Work to complete: Each line below from the one containing "Sadolin Classic All" through the one containing "澳米伽爆浆玉米味糖果零食105g" is to be given again exactly, and no line outside that span.
━━━━━━
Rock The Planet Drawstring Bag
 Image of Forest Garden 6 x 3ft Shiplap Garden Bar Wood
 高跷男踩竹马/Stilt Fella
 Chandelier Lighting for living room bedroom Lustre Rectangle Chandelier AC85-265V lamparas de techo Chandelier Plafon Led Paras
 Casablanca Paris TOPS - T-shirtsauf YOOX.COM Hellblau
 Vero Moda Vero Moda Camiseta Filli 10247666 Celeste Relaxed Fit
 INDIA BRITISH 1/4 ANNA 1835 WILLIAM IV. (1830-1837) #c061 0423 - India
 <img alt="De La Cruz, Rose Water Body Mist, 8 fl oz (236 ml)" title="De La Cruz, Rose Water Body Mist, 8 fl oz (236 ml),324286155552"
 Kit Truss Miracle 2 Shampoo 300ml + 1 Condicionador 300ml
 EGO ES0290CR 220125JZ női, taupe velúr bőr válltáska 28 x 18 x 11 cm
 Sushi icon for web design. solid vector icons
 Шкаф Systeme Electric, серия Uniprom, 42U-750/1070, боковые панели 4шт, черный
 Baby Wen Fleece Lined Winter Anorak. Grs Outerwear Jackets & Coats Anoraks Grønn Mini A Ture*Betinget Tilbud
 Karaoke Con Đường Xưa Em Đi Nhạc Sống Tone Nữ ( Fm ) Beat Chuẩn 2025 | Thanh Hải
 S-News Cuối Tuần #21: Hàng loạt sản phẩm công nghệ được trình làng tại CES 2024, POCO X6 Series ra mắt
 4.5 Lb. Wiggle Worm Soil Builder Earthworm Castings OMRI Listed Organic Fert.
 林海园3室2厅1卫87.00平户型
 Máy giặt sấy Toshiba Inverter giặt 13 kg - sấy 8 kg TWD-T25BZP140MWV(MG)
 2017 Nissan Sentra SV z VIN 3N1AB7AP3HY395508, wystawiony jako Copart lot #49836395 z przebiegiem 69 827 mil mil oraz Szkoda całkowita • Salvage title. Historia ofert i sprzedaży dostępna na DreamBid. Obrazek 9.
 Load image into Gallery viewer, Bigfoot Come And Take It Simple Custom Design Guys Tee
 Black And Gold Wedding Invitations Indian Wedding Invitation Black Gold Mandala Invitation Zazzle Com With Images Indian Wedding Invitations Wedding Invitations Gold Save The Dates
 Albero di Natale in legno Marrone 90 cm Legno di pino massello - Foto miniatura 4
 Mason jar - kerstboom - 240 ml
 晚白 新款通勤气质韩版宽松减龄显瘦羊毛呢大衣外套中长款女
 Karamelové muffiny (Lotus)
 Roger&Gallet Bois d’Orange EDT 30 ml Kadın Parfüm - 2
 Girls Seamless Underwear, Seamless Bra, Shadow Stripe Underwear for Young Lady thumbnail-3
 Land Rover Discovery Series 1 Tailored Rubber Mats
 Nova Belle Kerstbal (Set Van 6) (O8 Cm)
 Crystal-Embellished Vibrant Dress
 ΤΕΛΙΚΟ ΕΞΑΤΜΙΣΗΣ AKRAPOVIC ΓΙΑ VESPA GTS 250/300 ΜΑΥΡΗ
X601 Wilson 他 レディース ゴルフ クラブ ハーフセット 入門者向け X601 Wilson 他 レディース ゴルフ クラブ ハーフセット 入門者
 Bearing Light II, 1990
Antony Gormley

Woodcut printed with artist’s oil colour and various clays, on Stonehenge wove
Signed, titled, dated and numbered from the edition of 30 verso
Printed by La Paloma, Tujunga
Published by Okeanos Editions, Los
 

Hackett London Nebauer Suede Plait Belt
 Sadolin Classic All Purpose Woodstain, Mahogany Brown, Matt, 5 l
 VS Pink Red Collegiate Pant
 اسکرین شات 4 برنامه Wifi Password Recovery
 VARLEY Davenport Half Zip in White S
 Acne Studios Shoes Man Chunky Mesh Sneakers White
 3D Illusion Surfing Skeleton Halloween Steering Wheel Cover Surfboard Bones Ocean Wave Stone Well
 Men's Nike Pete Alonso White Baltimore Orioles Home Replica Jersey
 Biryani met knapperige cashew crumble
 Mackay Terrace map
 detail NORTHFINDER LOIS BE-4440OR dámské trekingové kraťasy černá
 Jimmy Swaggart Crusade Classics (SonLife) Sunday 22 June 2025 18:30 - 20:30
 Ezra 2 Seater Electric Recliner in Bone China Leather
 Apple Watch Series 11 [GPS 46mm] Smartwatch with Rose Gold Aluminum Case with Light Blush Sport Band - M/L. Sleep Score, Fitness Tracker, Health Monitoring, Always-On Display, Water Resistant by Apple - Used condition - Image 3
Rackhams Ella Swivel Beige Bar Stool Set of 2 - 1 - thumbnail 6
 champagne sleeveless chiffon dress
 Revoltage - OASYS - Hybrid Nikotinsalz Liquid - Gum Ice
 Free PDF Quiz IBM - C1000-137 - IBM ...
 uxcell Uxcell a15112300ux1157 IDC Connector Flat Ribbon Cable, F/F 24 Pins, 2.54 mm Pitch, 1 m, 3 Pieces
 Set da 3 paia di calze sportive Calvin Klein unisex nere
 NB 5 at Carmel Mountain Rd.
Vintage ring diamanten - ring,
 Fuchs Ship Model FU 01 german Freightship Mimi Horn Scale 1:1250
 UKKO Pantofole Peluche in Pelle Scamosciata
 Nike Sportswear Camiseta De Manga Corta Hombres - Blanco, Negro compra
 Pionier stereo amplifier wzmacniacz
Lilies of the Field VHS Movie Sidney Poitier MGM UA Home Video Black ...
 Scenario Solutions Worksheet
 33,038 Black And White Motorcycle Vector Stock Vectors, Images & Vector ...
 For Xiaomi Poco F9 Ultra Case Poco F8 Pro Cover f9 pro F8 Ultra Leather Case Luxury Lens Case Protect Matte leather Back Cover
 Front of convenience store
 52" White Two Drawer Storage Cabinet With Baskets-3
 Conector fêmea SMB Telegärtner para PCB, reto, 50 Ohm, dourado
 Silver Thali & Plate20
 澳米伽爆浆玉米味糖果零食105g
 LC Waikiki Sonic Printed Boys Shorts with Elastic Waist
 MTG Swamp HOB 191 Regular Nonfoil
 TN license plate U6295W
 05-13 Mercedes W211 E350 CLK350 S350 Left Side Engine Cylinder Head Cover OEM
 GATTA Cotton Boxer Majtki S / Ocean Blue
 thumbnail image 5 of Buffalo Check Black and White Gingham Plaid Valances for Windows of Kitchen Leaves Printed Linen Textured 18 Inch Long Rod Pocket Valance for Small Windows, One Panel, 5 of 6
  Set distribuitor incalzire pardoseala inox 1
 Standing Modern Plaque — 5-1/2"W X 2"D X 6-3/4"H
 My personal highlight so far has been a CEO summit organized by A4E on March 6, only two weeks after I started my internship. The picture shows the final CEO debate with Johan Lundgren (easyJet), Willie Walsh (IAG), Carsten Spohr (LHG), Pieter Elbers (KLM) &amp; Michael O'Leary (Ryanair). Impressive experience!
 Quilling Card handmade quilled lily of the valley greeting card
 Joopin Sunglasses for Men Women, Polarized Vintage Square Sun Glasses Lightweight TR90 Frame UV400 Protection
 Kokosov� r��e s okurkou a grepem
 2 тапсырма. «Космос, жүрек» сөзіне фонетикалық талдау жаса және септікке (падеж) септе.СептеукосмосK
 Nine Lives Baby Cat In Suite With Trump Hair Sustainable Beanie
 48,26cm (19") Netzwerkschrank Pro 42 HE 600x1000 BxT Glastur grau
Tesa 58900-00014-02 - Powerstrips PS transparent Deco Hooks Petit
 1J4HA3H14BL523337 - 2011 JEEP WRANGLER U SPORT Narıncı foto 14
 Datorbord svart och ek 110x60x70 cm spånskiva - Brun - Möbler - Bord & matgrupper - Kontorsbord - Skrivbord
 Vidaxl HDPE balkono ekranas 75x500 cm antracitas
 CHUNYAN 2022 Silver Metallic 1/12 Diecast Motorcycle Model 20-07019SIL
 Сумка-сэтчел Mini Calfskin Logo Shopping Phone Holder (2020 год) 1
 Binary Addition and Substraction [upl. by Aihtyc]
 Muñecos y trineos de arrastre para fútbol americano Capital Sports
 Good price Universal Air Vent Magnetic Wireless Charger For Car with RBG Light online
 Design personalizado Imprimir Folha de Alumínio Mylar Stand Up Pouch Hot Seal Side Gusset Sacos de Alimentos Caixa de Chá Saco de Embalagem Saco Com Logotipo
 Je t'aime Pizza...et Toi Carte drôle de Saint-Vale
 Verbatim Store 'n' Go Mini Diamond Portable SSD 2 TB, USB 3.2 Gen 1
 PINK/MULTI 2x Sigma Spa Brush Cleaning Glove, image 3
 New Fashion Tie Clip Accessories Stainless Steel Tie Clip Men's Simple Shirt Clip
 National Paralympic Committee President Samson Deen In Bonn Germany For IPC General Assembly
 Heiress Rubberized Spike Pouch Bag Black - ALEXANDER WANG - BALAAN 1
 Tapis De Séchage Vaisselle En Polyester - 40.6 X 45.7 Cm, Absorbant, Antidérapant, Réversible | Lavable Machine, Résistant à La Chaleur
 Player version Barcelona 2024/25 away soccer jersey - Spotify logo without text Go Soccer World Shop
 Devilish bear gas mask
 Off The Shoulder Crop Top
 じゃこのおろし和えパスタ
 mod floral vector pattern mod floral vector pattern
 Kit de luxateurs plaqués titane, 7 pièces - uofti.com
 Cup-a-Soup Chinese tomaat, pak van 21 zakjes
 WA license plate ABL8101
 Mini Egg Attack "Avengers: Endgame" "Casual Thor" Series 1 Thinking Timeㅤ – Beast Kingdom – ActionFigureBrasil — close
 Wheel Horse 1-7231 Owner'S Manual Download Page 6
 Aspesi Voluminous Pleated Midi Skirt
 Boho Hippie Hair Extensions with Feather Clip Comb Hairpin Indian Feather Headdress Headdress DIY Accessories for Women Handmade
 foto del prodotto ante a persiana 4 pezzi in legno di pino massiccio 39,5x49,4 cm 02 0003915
━━━━━━
Task answer:
 Sadolin Classic All Purpose Woodstain, Mahogany Brown, Matt, 5 l
 VS Pink Red Collegiate Pant
 اسکرین شات 4 برنامه Wifi Password Recovery
 VARLEY Davenport Half Zip in White S
 Acne Studios Shoes Man Chunky Mesh Sneakers White
 3D Illusion Surfing Skeleton Halloween Steering Wheel Cover Surfboard Bones Ocean Wave Stone Well
 Men's Nike Pete Alonso White Baltimore Orioles Home Replica Jersey
 Biryani met knapperige cashew crumble
 Mackay Terrace map
 detail NORTHFINDER LOIS BE-4440OR dámské trekingové kraťasy černá
 Jimmy Swaggart Crusade Classics (SonLife) Sunday 22 June 2025 18:30 - 20:30
 Ezra 2 Seater Electric Recliner in Bone China Leather
 Apple Watch Series 11 [GPS 46mm] Smartwatch with Rose Gold Aluminum Case with Light Blush Sport Band - M/L. Sleep Score, Fitness Tracker, Health Monitoring, Always-On Display, Water Resistant by Apple - Used condition - Image 3
Rackhams Ella Swivel Beige Bar Stool Set of 2 - 1 - thumbnail 6
 champagne sleeveless chiffon dress
 Revoltage - OASYS - Hybrid Nikotinsalz Liquid - Gum Ice
 Free PDF Quiz IBM - C1000-137 - IBM ...
 uxcell Uxcell a15112300ux1157 IDC Connector Flat Ribbon Cable, F/F 24 Pins, 2.54 mm Pitch, 1 m, 3 Pieces
 Set da 3 paia di calze sportive Calvin Klein unisex nere
 NB 5 at Carmel Mountain Rd.
Vintage ring diamanten - ring,
 Fuchs Ship Model FU 01 german Freightship Mimi Horn Scale 1:1250
 UKKO Pantofole Peluche in Pelle Scamosciata
 Nike Sportswear Camiseta De Manga Corta Hombres - Blanco, Negro compra
 Pionier stereo amplifier wzmacniacz
Lilies of the Field VHS Movie Sidney Poitier MGM UA Home Video Black ...
 Scenario Solutions Worksheet
 33,038 Black And White Motorcycle Vector Stock Vectors, Images & Vector ...
 For Xiaomi Poco F9 Ultra Case Poco F8 Pro Cover f9 pro F8 Ultra Leather Case Luxury Lens Case Protect Matte leather Back Cover
 Front of convenience store
 52" White Two Drawer Storage Cabinet With Baskets-3
 Conector fêmea SMB Telegärtner para PCB, reto, 50 Ohm, dourado
 Silver Thali & Plate20
 澳米伽爆浆玉米味糖果零食105g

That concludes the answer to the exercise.